Lately I have been thinking about the concept of sensitivity. The existence of “sensitive people”, an entity of its own kind, has been spoken of as a fact whereas I have rather been questioning the whole existence of such a fundamental trait. To me the ones I have thought to be included in “sensitive people” have appeared to be products of their environments and not so much inherently of a quality that others have less of.

During the past couple of months I have appeared in stark contrast to my partner. I have been going through some intense points that have required active work for me to walk through, and consequently I have been very emotional and worn out both physically and mentally, crying a lot and reacting strongly to the issues at hand. All the while I have been flipping out he has been quite stable, stoic even, to the point where his unemotionality becomes an issue for him, although that's another matter. The point here is, I now have empiric data that under these conditions I feel a whole fucking lot even though I've thought of myself as a relatively stable person, and that brings new light to the question of sensitivity.

I haven't really wanted to think of sensitivity – the ability to feel emotions oneself and to empathize with those of others – as a special trait.

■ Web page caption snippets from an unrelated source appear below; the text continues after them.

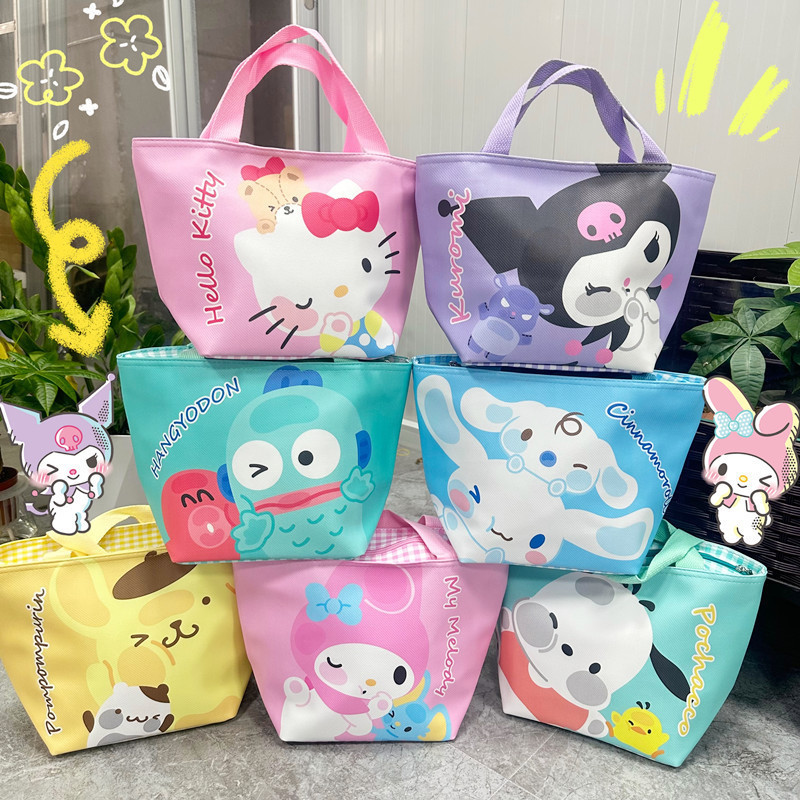 見栄えの良いかわいい漫画の断熱ポータブルランチボックス、学生や会社員向けの米収納バッグ付きランチボックスバッグ|undefined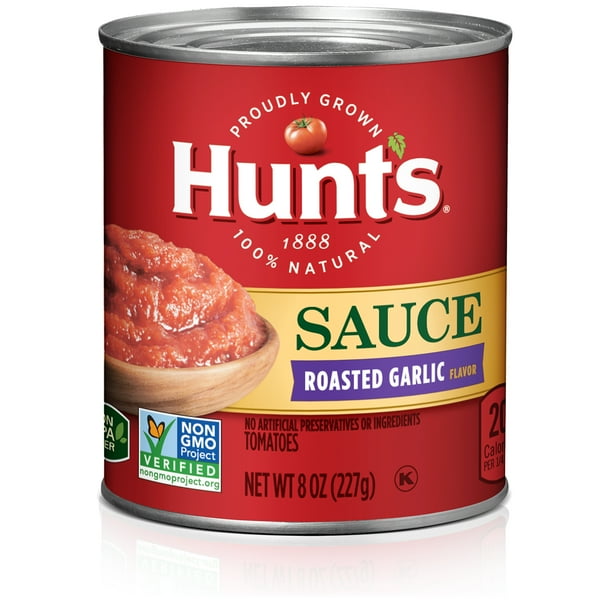 Hunt's Tomato Sauce with Roasted Garlic, 8 oz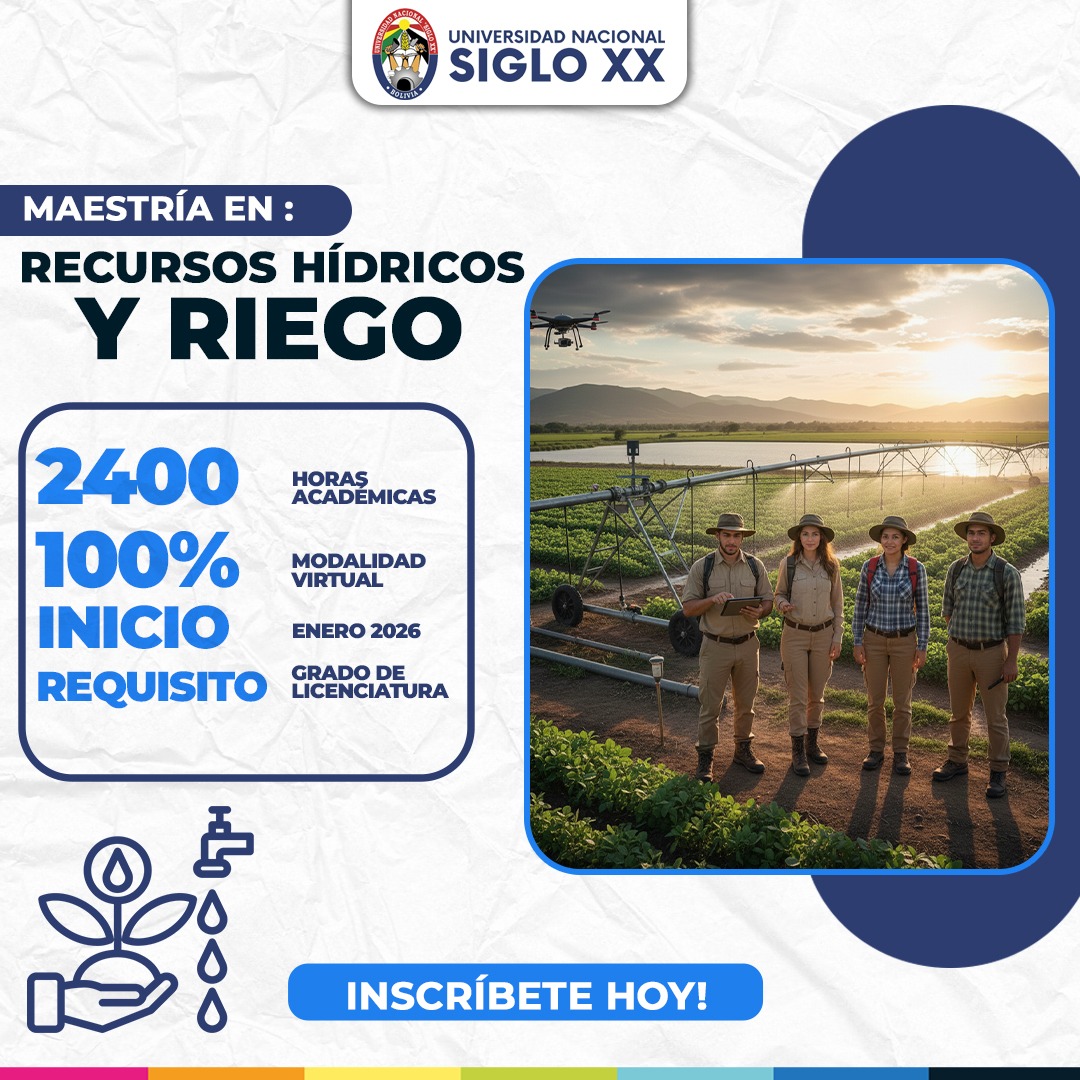 Portada del programa Recursos Hídricos y Riego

I've really more thought of it as something that others have practiced to enhance and others have practiced to extinguish. I'm thinking I might have been wrong about this. Maybe there are in fact inherent differences to people feeling things and picking up on messages around them; maybe our brains are wired differently. Every now and then when I share something I have felt or experienced I get confused responses, and I have interpreted them to mean that these people have not allowed themselves to feel those things in their lives in order to be able to empathize with me. What if they simply have never experienced that kind of a feeling at all? What if there are people who, as opposed to my anxiety-painted existence, have lived their lives mostly emotionally blank?

This came back to me today when I read a quote that spoke of “sensitive people” in an explaining way, as if how they experience life would be news to the ones reading it. I found myself empathizing with how the sensitive people were described because I recognized myself from the text. Only in reading the text and looking at the response it got from others I realized the possibility that not everyone experiences life through guilt, shame and pain. Even though I have known people who do not agonize over life, I have simplified them into a category of “self-denialists” or “those who suppress their emotions”. Boy, what a generalization.

This also brings perspective to how I have treated myself and the conflict I have faced with others throughout my life. In school I was easy to pick on because I reacted strongly to the smallest of insults or even constructively meant criticism. I have for a while now thought that this is because I haven't learned the right coping mechanisms or social skills or that I have learned to search for messages in my social environment for validation – that I have lacked a learnable skill – and I have whipped myself with the disappointment and self-blame that have followed my attempts to acquire these skills. But what if I should be focusing on mercy instead? It might be that I am physically constructed in such a primary way that my emotional sensitivity cannot be fully unlearned or switched off. If this is the case, I might as well stop battling the windmills, accept who I am at this point of time and space and learn to cope with it.


For example, I have hated having to cry all the time. I've been trying to stop the tears and cover up that I'm feeling bad and hide myself and cry in secret, because I have been afraid that my constant emotionality would burden others and make them leave me. In other words, I have not accepted myself as the emotional being I have been recently, which has of course made handling the issues themselves more difficult because a part of them is kept barred within me. (As a side note: this fear of being abandoned for being emotional has only become apparent now that I've spent much more time with people than I previously have. It's been easier to cry before when I've mostly spent time by myself.) So instead of blocking it up I could admit to myself that it is typical and natural for me to express myself and converse with myself through crying; that despite other people's reactions to crying it's not actually a “big thing” to cry; that I may cry even though nobody's dead and I'm just having a difficult time growing. “I don't know about you guys, but this is how I experience things.”